A-t-on assisté, au cours des quarante dernières années, à une nouvelle phase de l’affrontement du capital et du travail ? Si l’on s’intéresse à la situation aux Etats-Unis, la réponse est sans ambiguïté positive, et l’issue de cet affrontement est très favorable au capital.

D’un côté, en effet, le pouvoir du capital s’est spectaculairement réaffirmé, comme en témoigne la montée en puissance des acteurs financiers, et notamment des investisseurs institutionnels, dans l’actionnariat des plus grandes entreprises, ou celle des dirigeants issus des fonctions financières dans la direction exécutive des groupes (Michael Useem, 1996 ; Dirk M. Zorn, 2004).

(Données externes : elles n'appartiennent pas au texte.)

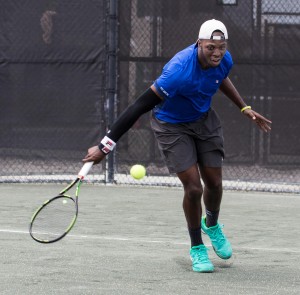 Tennis Player on the Futures circuit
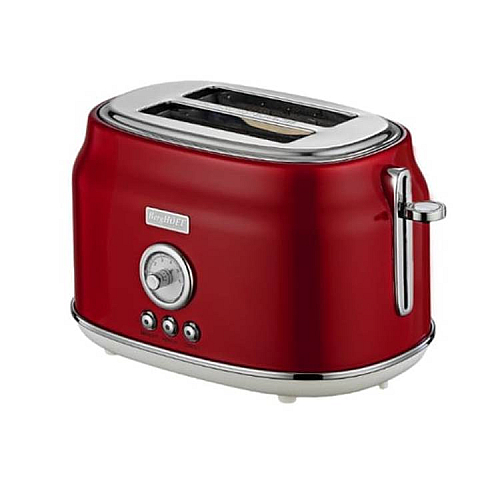 Berghoff Retro Toster 2-li Red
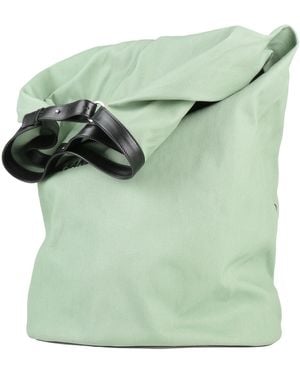 Jil Sander Backpack Textile Fibers, Leather - Green
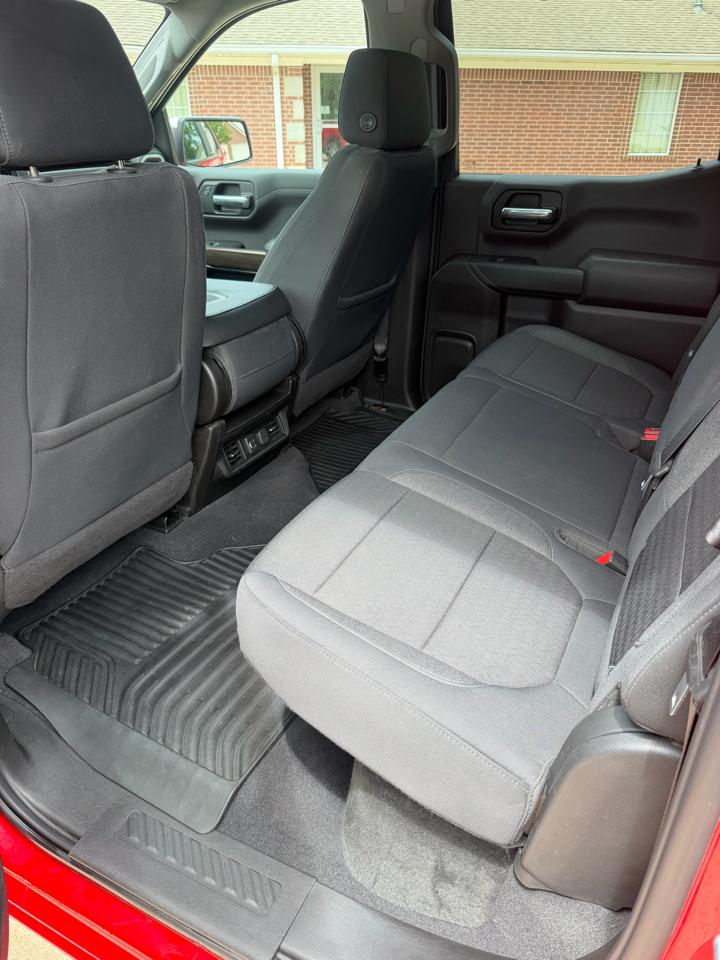 Chevrolet Silverado 1500 LT Z71 Crew Cab 4WD 2020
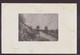 Gravure " La Route " De A Sisley ( 20 X 29 Cm , Auréoles ) - Estampes & Gravures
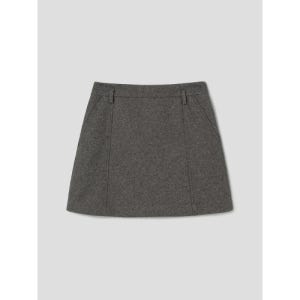 [에잇세컨즈] 울라이크 미니 스커트  애쉬 325127LY44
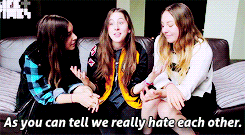 esteahaim:  “We’re a band, but at the end of the day, we’re sisters. We run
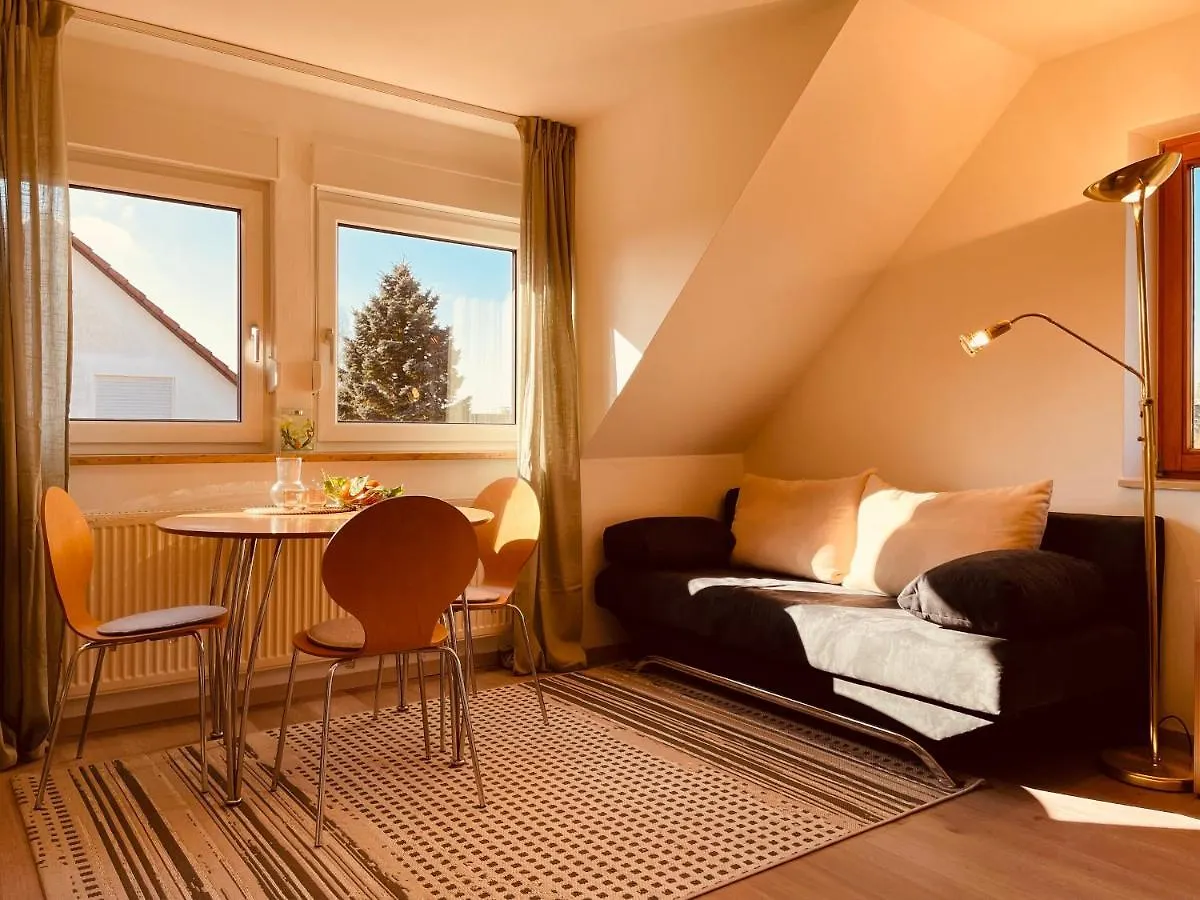 Apartment meinGästehaus im Fränkischen Seenland Haundorf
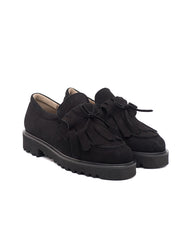 Siyah Süet Extra Light Loafer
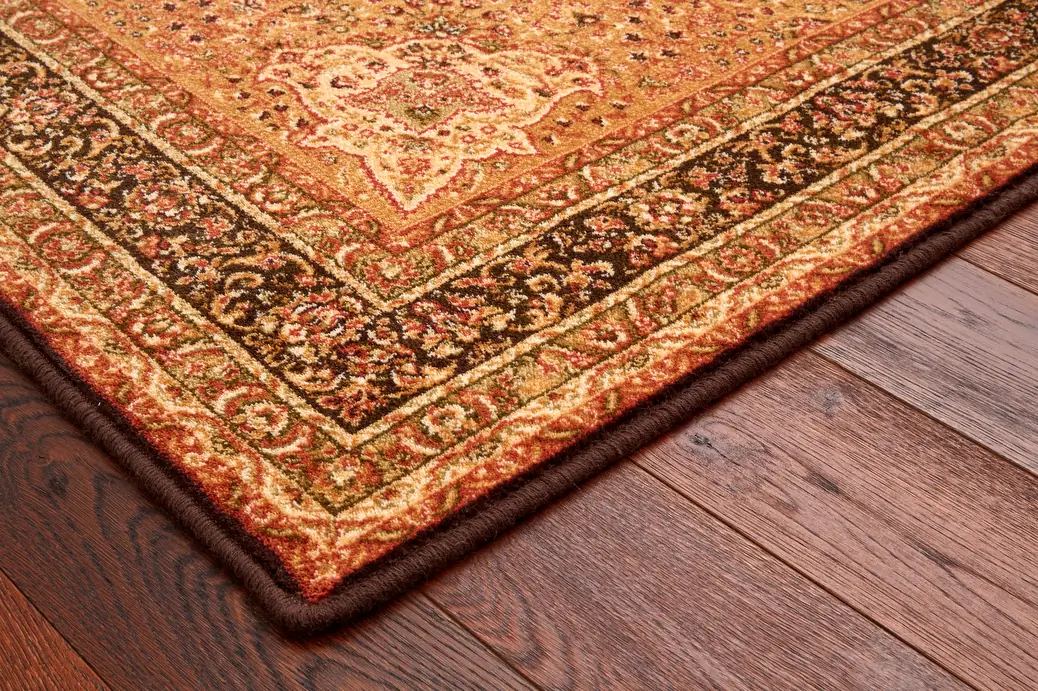 Kusový koberec Namak sahara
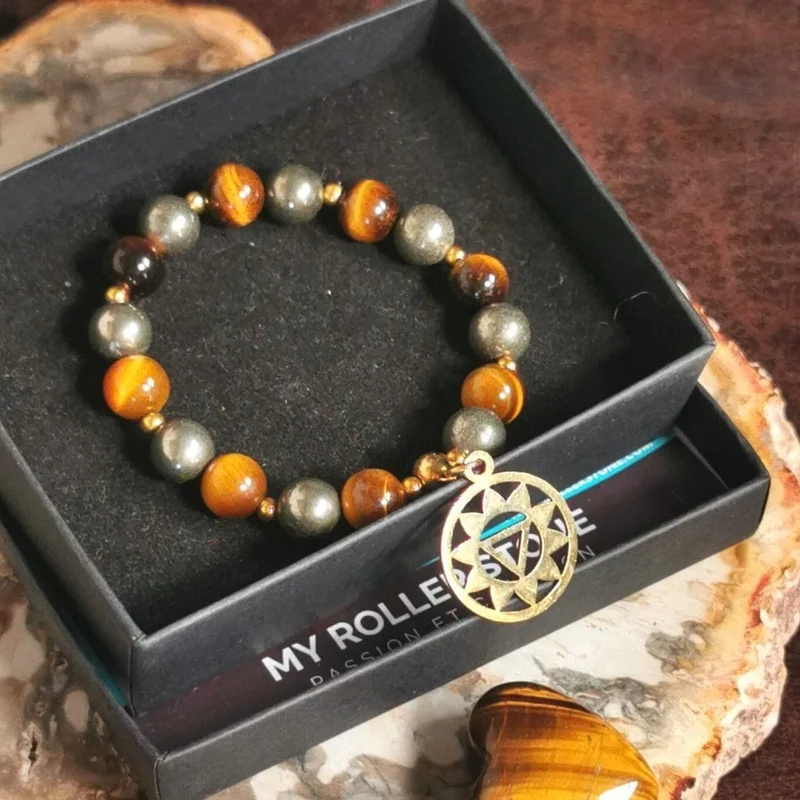 Solarplexus-Chakra-Armband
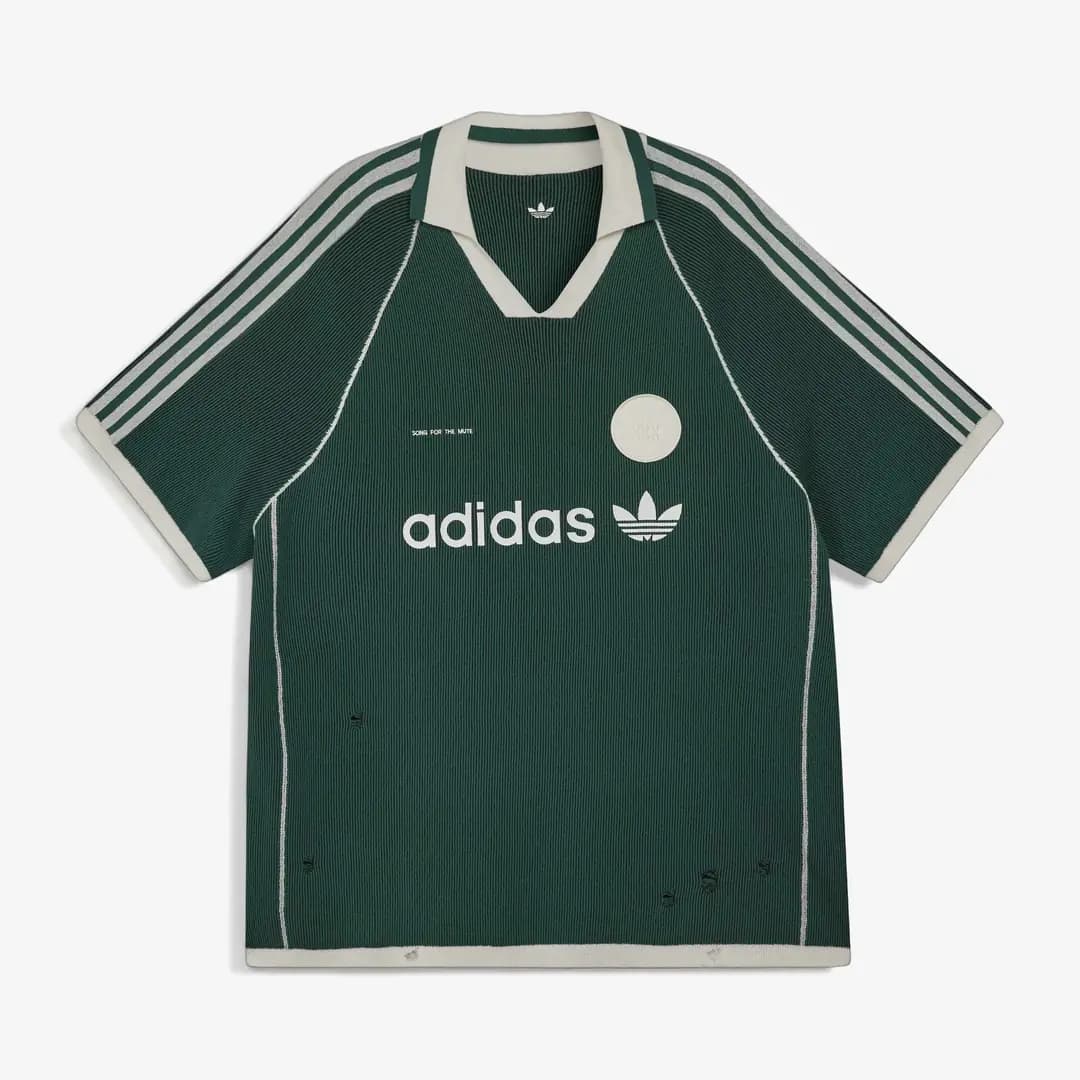 adidas x Song for the Mute ADI008 Sweater Polo 'Collegiate Green'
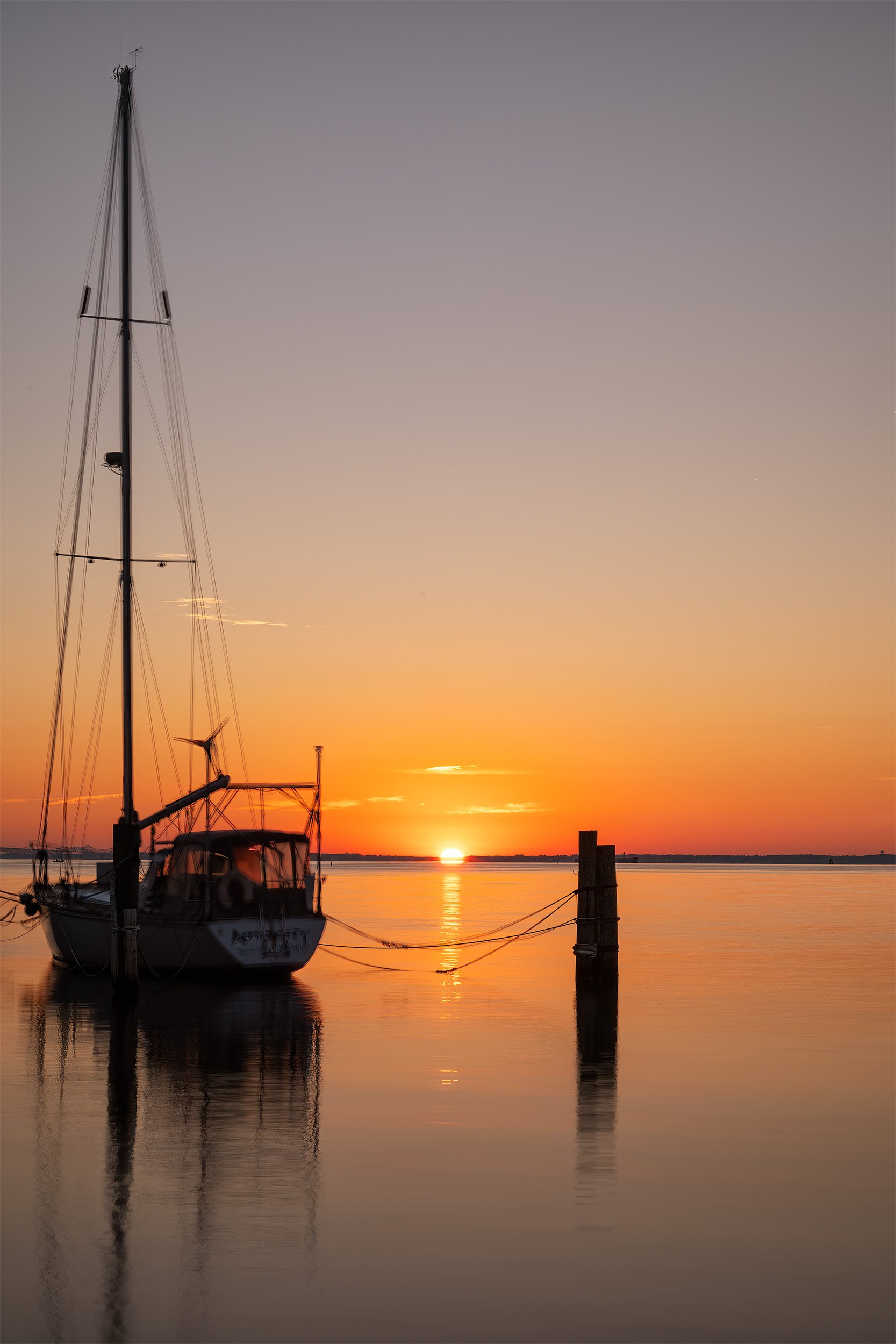 September Sunrise in Annapolis 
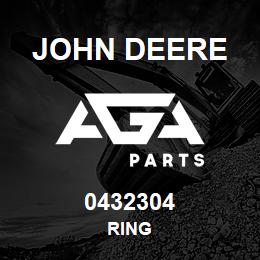 0432304 John Deere RING | AGA Parts
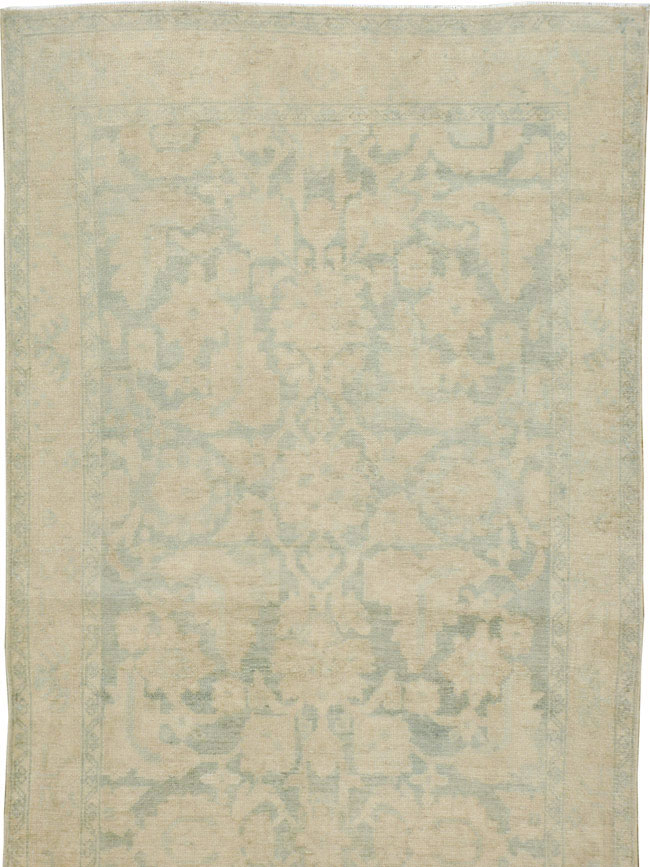 Vintage Persian Malayer Runner, No.23553 - Gsblank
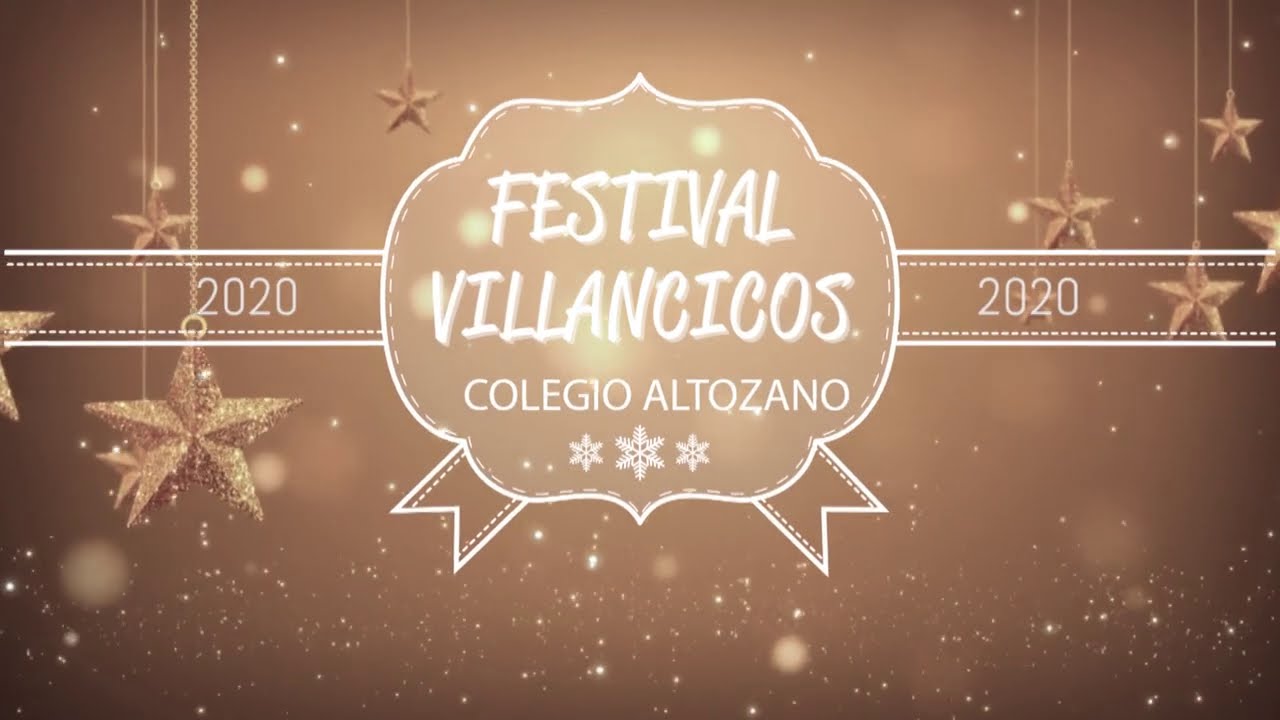 Festival Villancicos 2020 Altozano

Le partage de la valeur s’est lui aussi profondément modifié, et les actionnaires (et les dirigeants) en captent une part sensiblement accrue (William Lazonick et Mary O’Sullivan, 2000). Les entreprises, enfin, ont été elles aussi réorganisées dans un sens davantage conforme aux vœux des actionnaires financiers (Gerald Davis et al., 1994), comme en témoigne le mouvement de concentration sur la « compétence centrale » constaté depuis le début des années 1980, qui est l’un des symptômes classiques de la financiarisation des sociétés.